As confusion turns to disillusion so philosophy tries to understand and academics work out a theory and write a paper on what it is all about. Post Modernism, Post Christianity, and Post History and all the other Post Whatever, are simply existentialism where the despair and the angst has been replaced by a belief that we can do it ourselves. Reality is socially constructed. Well that is partly true. The reality out there is reflected in our thoughts, so what? It is still reality out there, and we do our best to perceive it.

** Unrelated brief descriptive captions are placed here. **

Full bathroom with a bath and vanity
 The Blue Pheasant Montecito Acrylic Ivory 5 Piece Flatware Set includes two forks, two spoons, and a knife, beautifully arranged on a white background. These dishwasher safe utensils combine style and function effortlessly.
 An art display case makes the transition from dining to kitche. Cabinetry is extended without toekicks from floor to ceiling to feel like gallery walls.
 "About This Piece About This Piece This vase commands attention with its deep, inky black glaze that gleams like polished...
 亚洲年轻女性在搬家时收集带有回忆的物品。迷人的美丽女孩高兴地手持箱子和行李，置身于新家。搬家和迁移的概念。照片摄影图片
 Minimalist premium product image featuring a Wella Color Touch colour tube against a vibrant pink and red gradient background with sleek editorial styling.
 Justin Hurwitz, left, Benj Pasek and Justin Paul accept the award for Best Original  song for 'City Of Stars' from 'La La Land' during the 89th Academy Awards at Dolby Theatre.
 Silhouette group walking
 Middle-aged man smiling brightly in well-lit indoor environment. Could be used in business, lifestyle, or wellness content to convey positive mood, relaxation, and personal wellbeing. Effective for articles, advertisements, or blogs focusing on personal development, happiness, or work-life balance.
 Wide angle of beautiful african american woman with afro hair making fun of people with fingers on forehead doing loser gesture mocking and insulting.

History is socially constructed. Of course it is, we can only interpret and apply the sources for our historical investigation. What we have may not be way it really was but there are some obvious factors that guarantee the skilled historian can get some way to understand the past and its people. We have a common humanity for a start. The passions and the fears are the same for everyman and for every woman. The hopes and the ambitions may have different cultural clothing but they are, in the end, the same. They are hopes of love, for security, and for recognition. So what is the problem?
Morality is socially constructed. That is partly true in that we make the laws, but on what basis do we make them and is it a just one. Our thinking, from Kierkegaard and Nietzsche, is that we have pulled the moral rug from under our feet. Neither of these, nor Kant, nor Hegel, have been able to solve the problem. They have not been able to show us how we make a morality that is not based on absolutes. That is, one which is based on a reality that is really out there. Truth is not expediency, nor is it preference, my perception may be far from the truth but truth persists and, by a dialogue with my fellows, I may learn enough to get a bit closer to it. Maybe in this life I shall never attain to it but it is there nevertheless.
We cannot of course live with the Superman of Nietzsche, nor with Kierkegaard leaping off the high board into the void, without knowing whether there is water in the pool or not. In a court of law the witness is required to tell the truth, “beyond all reasonable doubt”. The judge and jury accept it as truth if it can be backed up by other independent witness, or by other, irrefutable facts. The Judge, of course interprets and applies the law to the case, but that is another matter. The witnesses and the jury are concerned with truth and they do not understand that as something which is socially constructed. We cannot live with Post Modernism. As soon as we enter the realities of every day life whether it is an office, a factory or a court of law we find we are stuck with the truth and we feel cheated if we cannot find it.